* _TASK REQUIREMENTS_
The response should contain all of the data below, reproduced exactly, and no pictures.

* _STUDY MATERIAL_
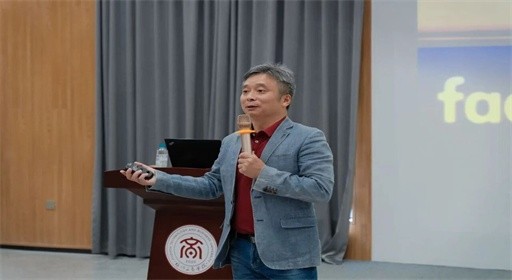 当课堂遇见产业风口：王勇解码新能源汽车趋势与事业新机遇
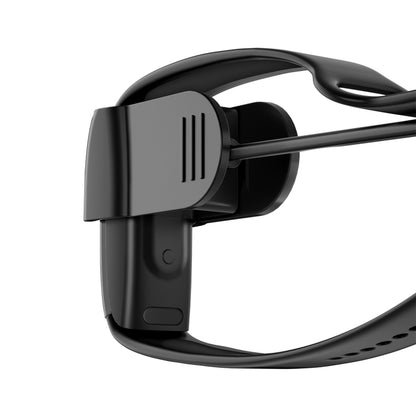 For Amazon Halo View Smart Watch Charging Cable, Length: 1m(Black) by bashfashion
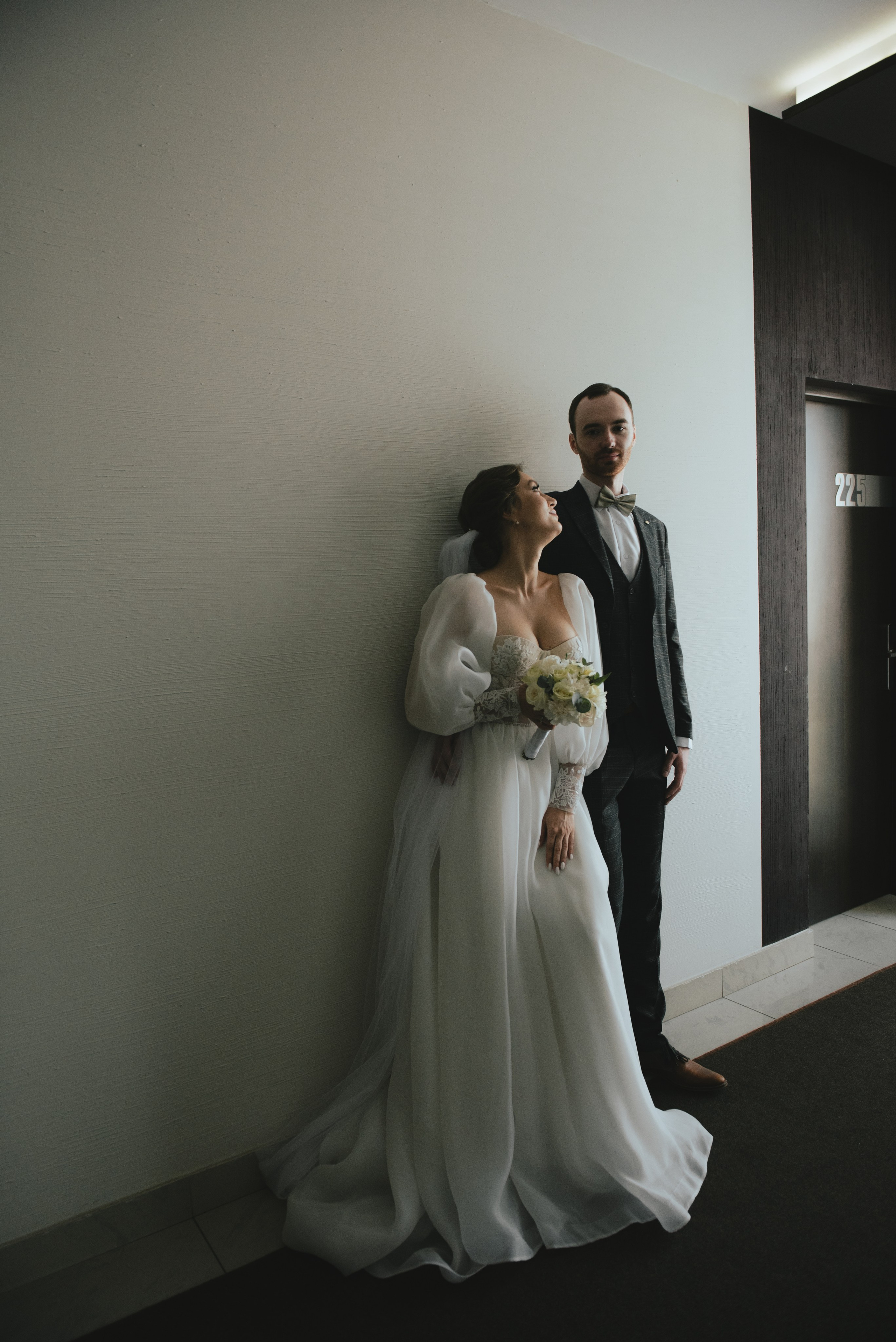 Лена и Миша. Семейный и свадебный фотограф в Нижнем Новгороде Анастасия Хренова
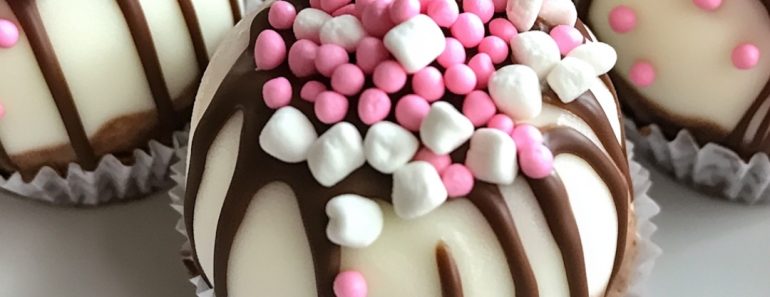 👉Chocolate Bombs Recipe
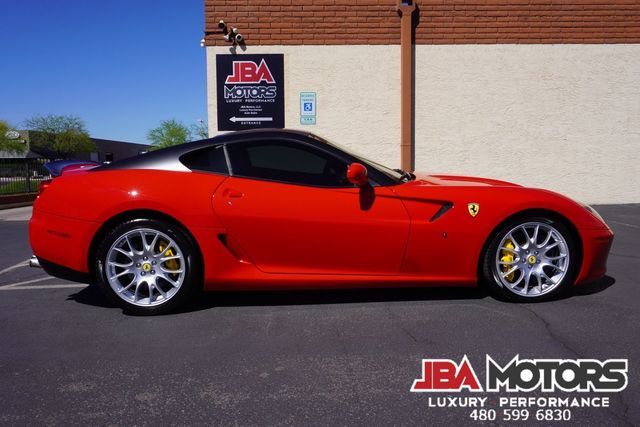 2007 Ferrari 599 GTB Fiorano F1 Coupe | MESA, AZ | JBA MOTORS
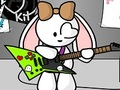 Spill Bunny Rockstar  online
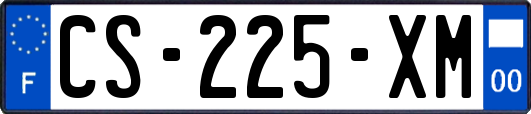 CS-225-XM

* _EXERCISE ANSWER_
 当课堂遇见产业风口：王勇解码新能源汽车趋势与事业新机遇
 For Amazon Halo View Smart Watch Charging Cable, Length: 1m(Black) by bashfashion
 Лена и Миша. Семейный и свадебный фотограф в Нижнем Новгороде Анастасия Хренова
 👉Chocolate Bombs Recipe
 2007 Ferrari 599 GTB Fiorano F1 Coupe | MESA, AZ | JBA MOTORS
 Spill Bunny Rockstar  online
 CS-225-XM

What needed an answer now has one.